The race is little more than an excuse for Duke and Gonzo to engage in a long free-for-all "weekend" of drug extravaganza, ingesting so much alcohol and drugs, that, along with indiscriminate and massive pill popping, it is a wonder they are still alive at the end of their spree. On a continual high, they trash their expensive hotel room, run up huge bills for the magazine to pay, and Duke provides an irreverent running commentary on what they see through a drug-induced haze.

For instance, as they are drinking in a Las Vegas beer hall type setting with trapeze artists in the middle, Duke comments this is what America would be had the Nazis won the war.

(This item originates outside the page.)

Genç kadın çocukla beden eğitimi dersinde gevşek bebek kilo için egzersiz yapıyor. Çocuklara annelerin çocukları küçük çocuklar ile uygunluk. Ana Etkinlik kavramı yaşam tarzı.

In other words, neither he nor Gonzo are impressed by the tinsel spectacle of American life that Las Vegas typifies.

The twosome show their irreverent disrespect for the allure of materialism by escaping it through drugs and destroying it in the process of being high. They also manifest a complete irreverence towards rules and order. Both of these attitudes are representative of a late 1960s counter-culture mindset that Thompson expresses with no holds barred.